- [DATA UNDER STUDY]

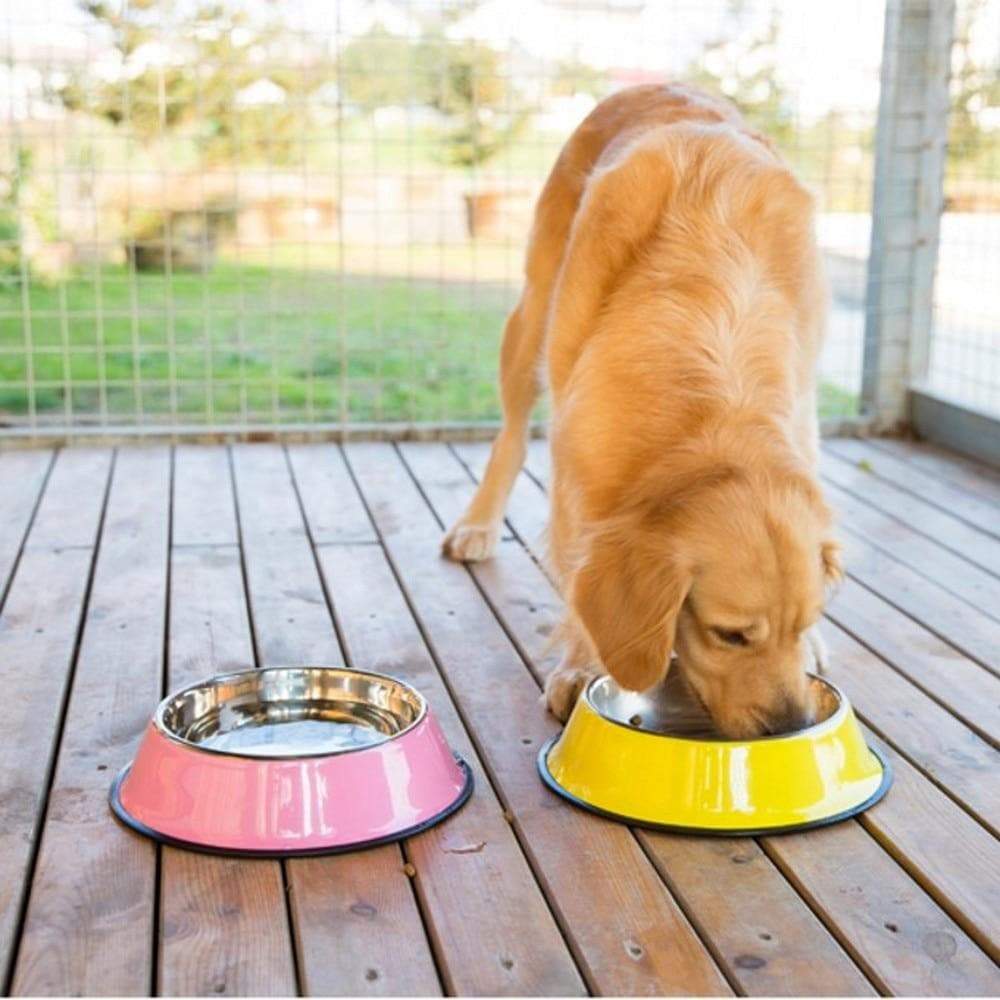 Dog Bowl Multi-Colored Stainless Steel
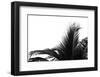 Palms, no. 2-Jamie Kingham-Framed Giclee Print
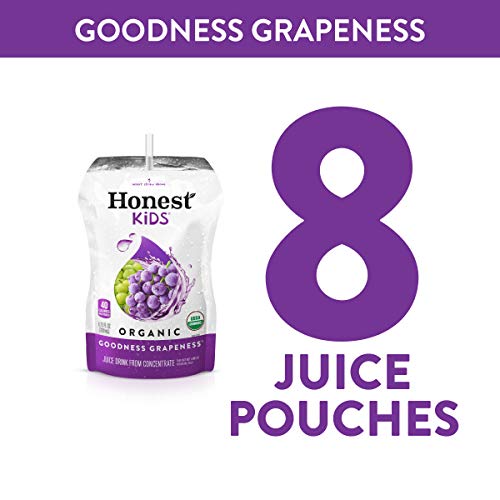 Honest Kids Goodness Grapeness, Grape Organic Fruit Juice Drink,...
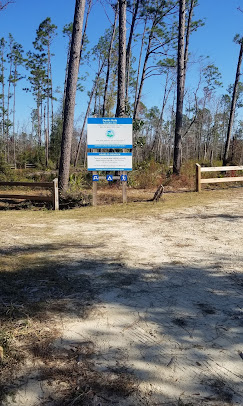 Longleaf Campsite at Walsingham Campgrounds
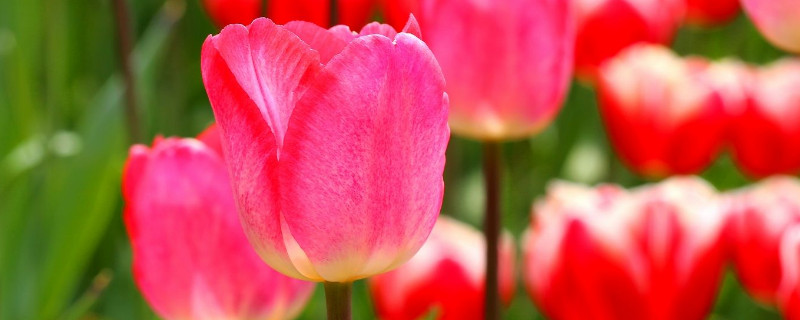 郁金香种球太小怎么办 郁金香种球怎么养小球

- [WHAT IS EXPECTED]
The copy should hold every entry above word for word and none of the pictures.

- [SOLUTION FOR THIS TASK]
 Dog Bowl Multi-Colored Stainless Steel
 Palms, no. 2-Jamie Kingham-Framed Giclee Print
 Honest Kids Goodness Grapeness, Grape Organic Fruit Juice Drink,...
 Longleaf Campsite at Walsingham Campgrounds
 郁金香种球太小怎么办 郁金香种球怎么养小球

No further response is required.